## TASK DIRECTIONS:
Each line from the one containing "RAVENSCROFT RX06 PYG 19sm0295" to the final line of the listing below must be transcribed exactly; all others are left out.

## DATASET ENTRIES:
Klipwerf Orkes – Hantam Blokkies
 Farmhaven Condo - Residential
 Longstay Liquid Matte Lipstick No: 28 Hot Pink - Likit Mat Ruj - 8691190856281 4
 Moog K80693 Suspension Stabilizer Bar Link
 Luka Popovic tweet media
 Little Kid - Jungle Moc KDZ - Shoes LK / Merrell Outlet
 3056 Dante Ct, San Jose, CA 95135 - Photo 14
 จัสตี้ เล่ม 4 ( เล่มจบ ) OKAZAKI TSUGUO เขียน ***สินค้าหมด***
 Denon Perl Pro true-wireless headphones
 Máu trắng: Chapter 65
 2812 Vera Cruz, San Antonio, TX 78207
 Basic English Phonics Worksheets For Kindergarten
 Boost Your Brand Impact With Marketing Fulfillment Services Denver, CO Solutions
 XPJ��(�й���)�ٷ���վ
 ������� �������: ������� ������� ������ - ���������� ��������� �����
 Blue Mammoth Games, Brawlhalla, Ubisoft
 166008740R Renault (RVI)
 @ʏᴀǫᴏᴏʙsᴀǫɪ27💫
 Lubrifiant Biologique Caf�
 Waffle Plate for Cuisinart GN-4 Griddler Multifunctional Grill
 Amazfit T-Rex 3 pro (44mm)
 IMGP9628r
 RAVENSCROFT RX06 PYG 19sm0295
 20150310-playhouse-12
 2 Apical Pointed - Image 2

## RESPONSE TO THIS EXERCISE:
 RAVENSCROFT RX06 PYG 19sm0295
 20150310-playhouse-12
 2 Apical Pointed - Image 2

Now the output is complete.